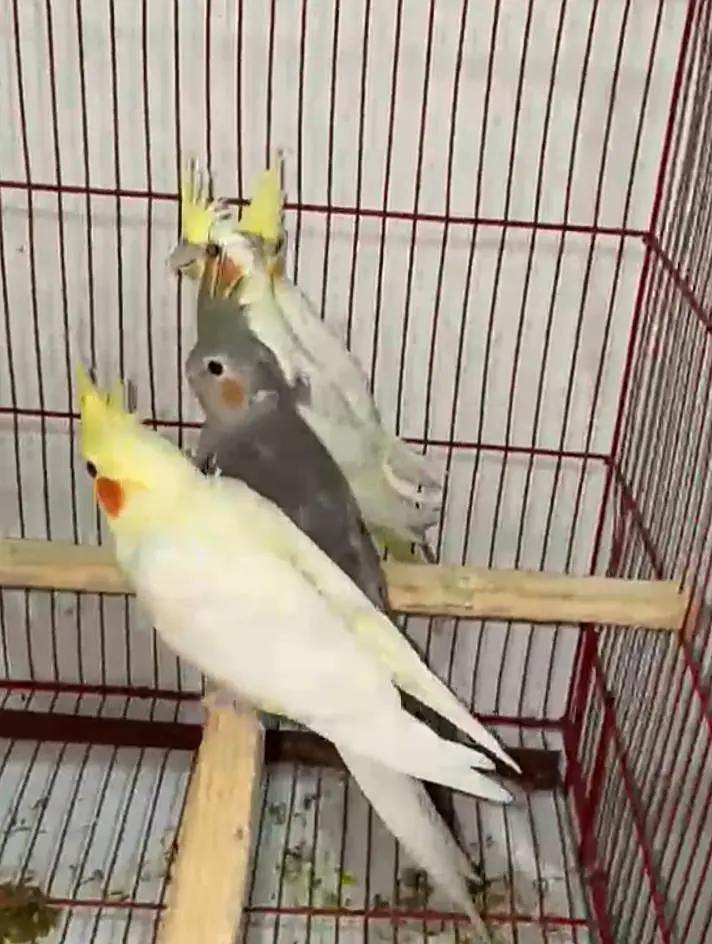 Cockatiel parrots — photo 4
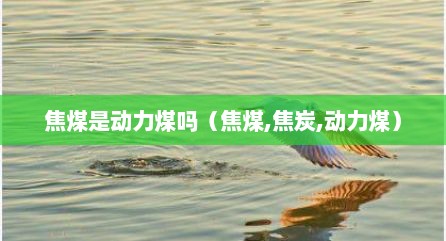 焦煤是动力煤吗（焦煤,焦炭,动力煤）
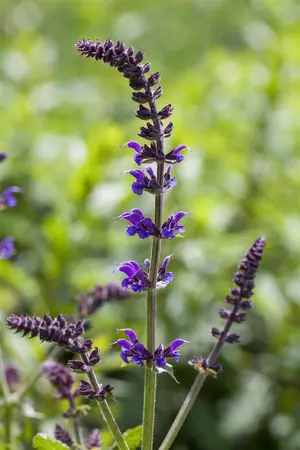 Salvia nemorosa 'Mainacht' - 3 Ltr pot - image 2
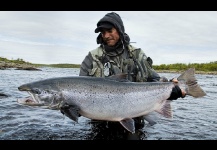 Atlantic salmon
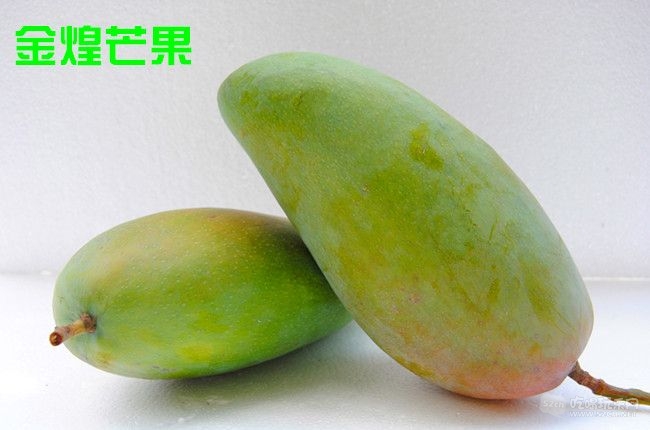 金煌芒果.jpg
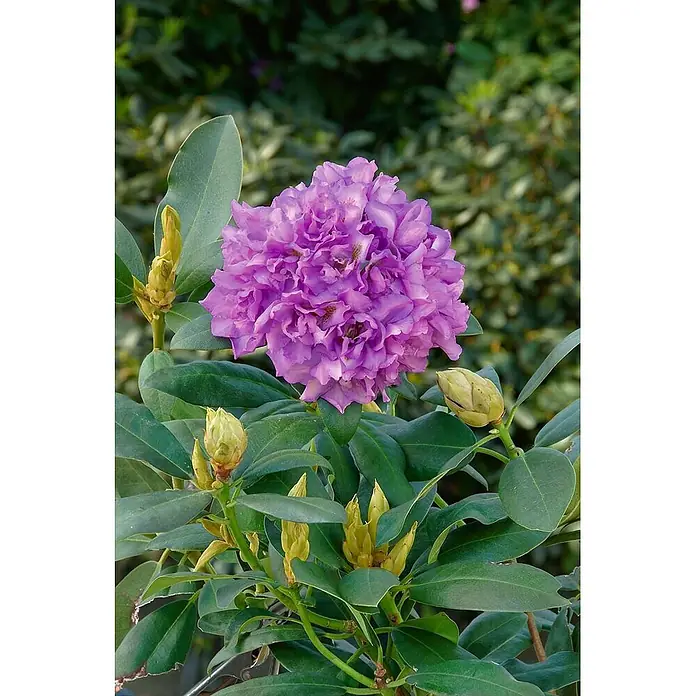Pflanzen für dich Großblumiger Rhododendron 40-50 cm - Rhododendron 'Fastuosum Flore Pleno', Lila - Kräftige lila Rhododendronblüte in voller Pracht, umgeben von grünen Blättern und ungeöffneten Knospen.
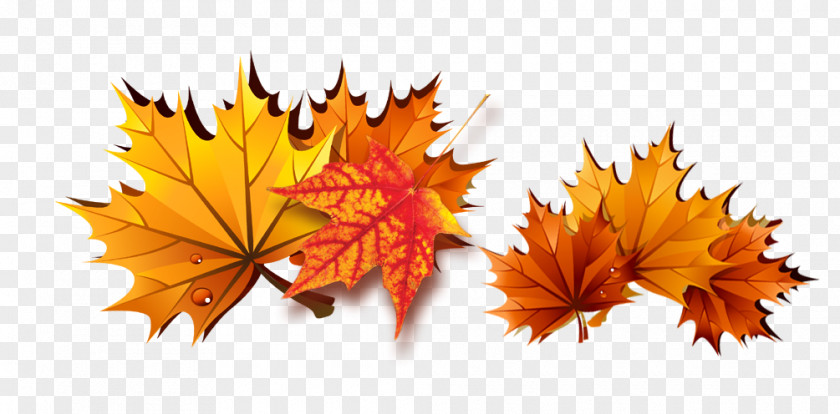 Leaves Maple Leaf PNG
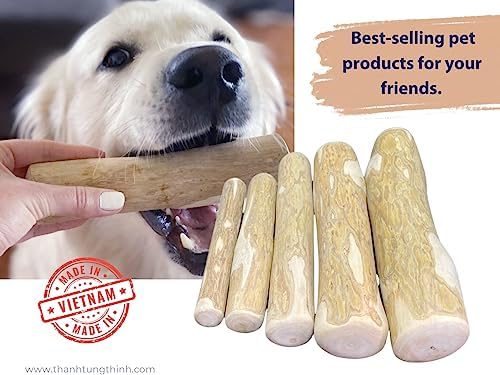 Coffee Wood Dog Chew Stick - Coffee Wood Stick for Your Pets - Non Toxic - Safe - Puppy Chew Toy for Teething - Made in Vietnam - 1 Pack/2 Pieces (Small)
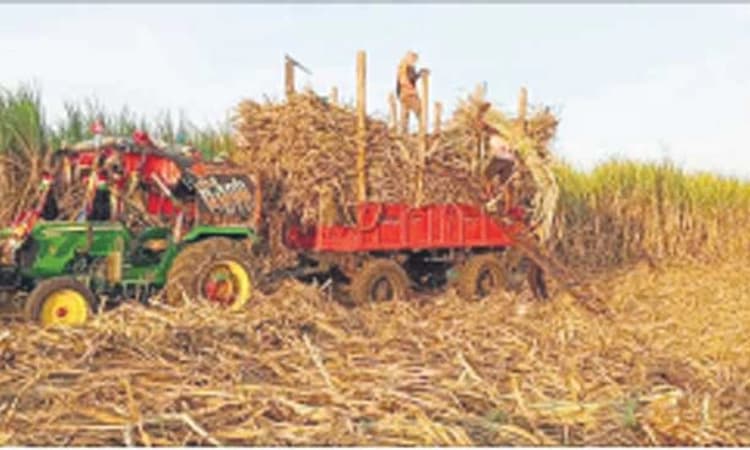 Bagalkote: 22 ಟನ್‌ ಕಬ್ಬು ಹೇರಿ ಸಾಧನೆಗೈದ ಮುತ್ತಪ್ಪ!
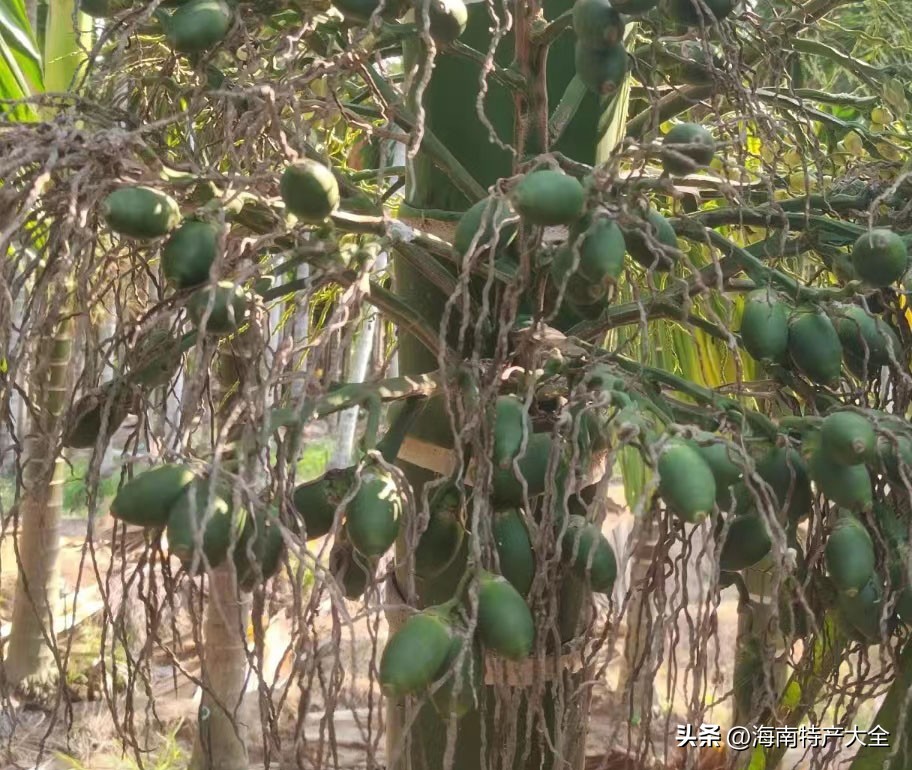 2022海南槟榔青果价格行情 (今天海南槟榔价格)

-------

--- Work to be completed ---
Give each record above back word for word, but carry over none of the pictures.

--- Written solution ---
 Cockatiel parrots — photo 4
 焦煤是动力煤吗（焦煤,焦炭,动力煤）
 Salvia nemorosa 'Mainacht' - 3 Ltr pot - image 2
 Atlantic salmon
 金煌芒果.jpg
Pflanzen für dich Großblumiger Rhododendron 40-50 cm - Rhododendron 'Fastuosum Flore Pleno', Lila - Kräftige lila Rhododendronblüte in voller Pracht, umgeben von grünen Blättern und ungeöffneten Knospen.
 Leaves Maple Leaf PNG
 Coffee Wood Dog Chew Stick - Coffee Wood Stick for Your Pets - Non Toxic - Safe - Puppy Chew Toy for Teething - Made in Vietnam - 1 Pack/2 Pieces (Small)
 Bagalkote: 22 ಟನ್‌ ಕಬ್ಬು ಹೇರಿ ಸಾಧನೆಗೈದ ಮುತ್ತಪ್ಪ!
 2022海南槟榔青果价格行情 (今天海南槟榔价格)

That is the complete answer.